Haven't done anything in awhile. I plan on pulling the engine this winter to really clean everything up in there.


----------



## 71DubBugBug (Dec 3, 2006)

*Re: MK1 polo build thread (BadassLilGolf)*


_Quote, originally posted by *BadassLilGolf* »_Haven't done anything in awhile. I plan on pulling the engine this winter to really clean everything up in there. 

you going to put something a little bigger into it?


----------



## BadassLilGolf (Mar 21, 2001)

*Re: MK1 polo build thread (71DubBugBug)*


_Quote, originally posted by *71DubBugBug* »_
you going to put something a little bigger into it?


The biggest that can realisticly fit is a 1.3L. I would love to do that with a 5spd, but they would have to be imported. I don't see that in the near future.


----------



## Banned wagon (Mar 3, 2004)

*Re: MK1 polo build thread (the brit)*









so could you source a set of NA fox strut housings to build a set of coil overs? 
are the polo strut housings and the NA fox the same?
got some photos of the stock polo strut housings?
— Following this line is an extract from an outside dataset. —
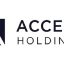 Access Holdings posts N1tn PBT, equity hits N4.33tn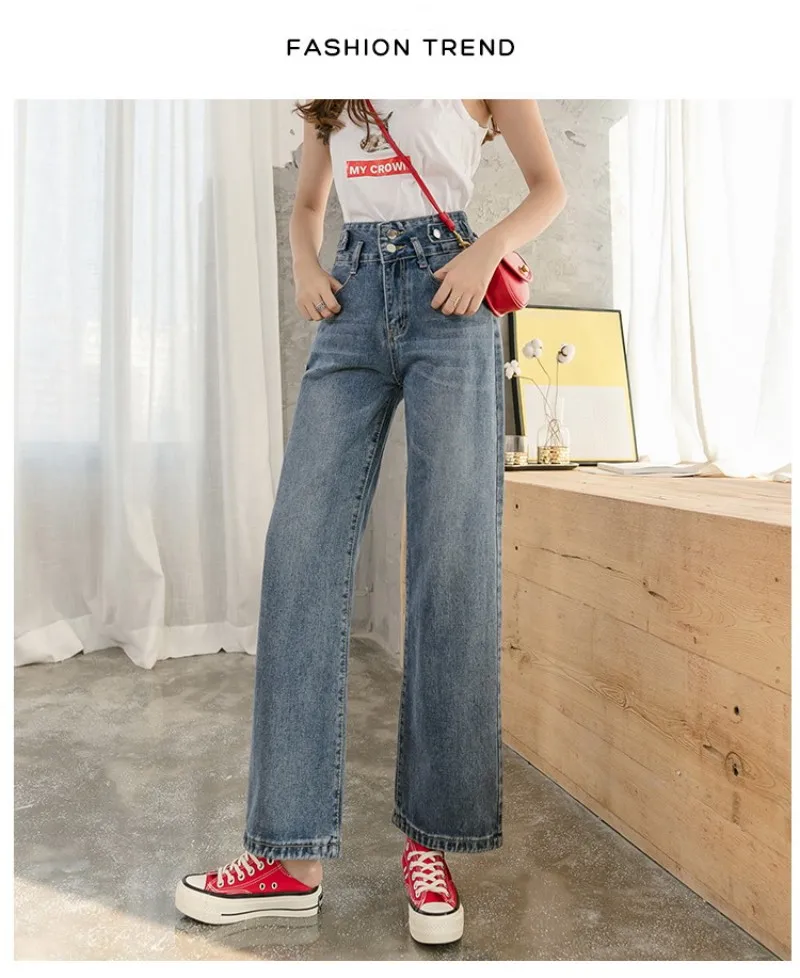 conew_20200319_175528_007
the build thread of the pretty coils above http://forums.vwvortex.com/zerothread?id=3547090


----------



## BadassLilGolf (Mar 21, 2001)

*Re: MK1 polo build thread (Banned wagon)*


_Quote, originally posted by *Banned wagon* »_








so could you source a set of NA fox strut housings to build a set of coil overs? 
are the polo strut housings and the NA fox the same?
got some photos of the stock polo strut housings?










the build thread of the pretty coils above http://forums.vwvortex.com/zerothread?id=3547090


I will track down some pictures of struts. They look very similar, not sure if the specs are the same though. It would be sweet if they are, I could build some trick coils like that. I am actually going to post the picture of the fox strut in the mk1 polo forum I use. Those guys should know. 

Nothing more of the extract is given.